# What to do
Find the line that contains "Fender 72 Telecaster", then repeat it and each line after it to the end of the records, exactly.

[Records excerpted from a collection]
____________________

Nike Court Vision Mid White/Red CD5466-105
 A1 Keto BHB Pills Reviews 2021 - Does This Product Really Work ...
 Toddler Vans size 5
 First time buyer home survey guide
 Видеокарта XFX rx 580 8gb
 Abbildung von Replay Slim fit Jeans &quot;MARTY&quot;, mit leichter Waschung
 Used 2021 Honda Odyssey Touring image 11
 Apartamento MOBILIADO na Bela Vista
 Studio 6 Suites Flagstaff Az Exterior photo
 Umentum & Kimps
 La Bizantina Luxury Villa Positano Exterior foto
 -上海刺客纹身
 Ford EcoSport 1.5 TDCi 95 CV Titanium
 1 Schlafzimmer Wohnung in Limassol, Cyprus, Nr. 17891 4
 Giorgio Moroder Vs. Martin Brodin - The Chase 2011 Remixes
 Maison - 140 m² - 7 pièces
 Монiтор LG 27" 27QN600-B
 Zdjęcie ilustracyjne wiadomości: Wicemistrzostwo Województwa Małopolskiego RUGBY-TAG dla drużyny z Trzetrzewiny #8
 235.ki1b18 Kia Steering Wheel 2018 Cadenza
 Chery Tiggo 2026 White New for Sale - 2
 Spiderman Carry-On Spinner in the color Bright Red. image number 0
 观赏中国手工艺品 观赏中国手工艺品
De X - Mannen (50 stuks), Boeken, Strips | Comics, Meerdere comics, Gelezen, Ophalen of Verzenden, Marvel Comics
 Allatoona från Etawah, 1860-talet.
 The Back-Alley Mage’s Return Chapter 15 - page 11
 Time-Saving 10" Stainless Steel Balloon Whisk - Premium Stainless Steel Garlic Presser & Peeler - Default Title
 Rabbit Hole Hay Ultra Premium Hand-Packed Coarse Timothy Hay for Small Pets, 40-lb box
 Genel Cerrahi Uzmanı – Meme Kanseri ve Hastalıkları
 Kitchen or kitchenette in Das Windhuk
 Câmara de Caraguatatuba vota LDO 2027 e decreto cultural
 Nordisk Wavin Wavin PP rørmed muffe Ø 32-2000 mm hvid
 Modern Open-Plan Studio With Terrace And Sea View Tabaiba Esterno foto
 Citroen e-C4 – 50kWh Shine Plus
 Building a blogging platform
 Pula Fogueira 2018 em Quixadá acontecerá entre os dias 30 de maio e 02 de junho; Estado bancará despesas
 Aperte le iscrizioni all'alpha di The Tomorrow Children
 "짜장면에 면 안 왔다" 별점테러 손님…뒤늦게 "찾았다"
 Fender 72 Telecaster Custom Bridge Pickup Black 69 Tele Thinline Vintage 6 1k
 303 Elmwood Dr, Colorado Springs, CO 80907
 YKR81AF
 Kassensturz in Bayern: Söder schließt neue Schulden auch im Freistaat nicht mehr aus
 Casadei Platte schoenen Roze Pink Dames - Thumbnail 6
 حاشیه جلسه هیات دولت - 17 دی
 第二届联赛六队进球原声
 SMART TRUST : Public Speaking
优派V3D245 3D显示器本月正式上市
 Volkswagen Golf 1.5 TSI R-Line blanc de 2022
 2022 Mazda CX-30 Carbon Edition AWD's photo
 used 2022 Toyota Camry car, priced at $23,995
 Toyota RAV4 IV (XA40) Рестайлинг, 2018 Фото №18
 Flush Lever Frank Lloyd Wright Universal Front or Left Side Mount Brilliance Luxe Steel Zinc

____________________

# Result of this exercise
 Fender 72 Telecaster Custom Bridge Pickup Black 69 Tele Thinline Vintage 6 1k
 303 Elmwood Dr, Colorado Springs, CO 80907
 YKR81AF
 Kassensturz in Bayern: Söder schließt neue Schulden auch im Freistaat nicht mehr aus
 Casadei Platte schoenen Roze Pink Dames - Thumbnail 6
 حاشیه جلسه هیات دولت - 17 دی
 第二届联赛六队进球原声
 SMART TRUST : Public Speaking
优派V3D245 3D显示器本月正式上市
 Volkswagen Golf 1.5 TSI R-Line blanc de 2022
 2022 Mazda CX-30 Carbon Edition AWD's photo
 used 2022 Toyota Camry car, priced at $23,995
 Toyota RAV4 IV (XA40) Рестайлинг, 2018 Фото №18
 Flush Lever Frank Lloyd Wright Universal Front or Left Side Mount Brilliance Luxe Steel Zinc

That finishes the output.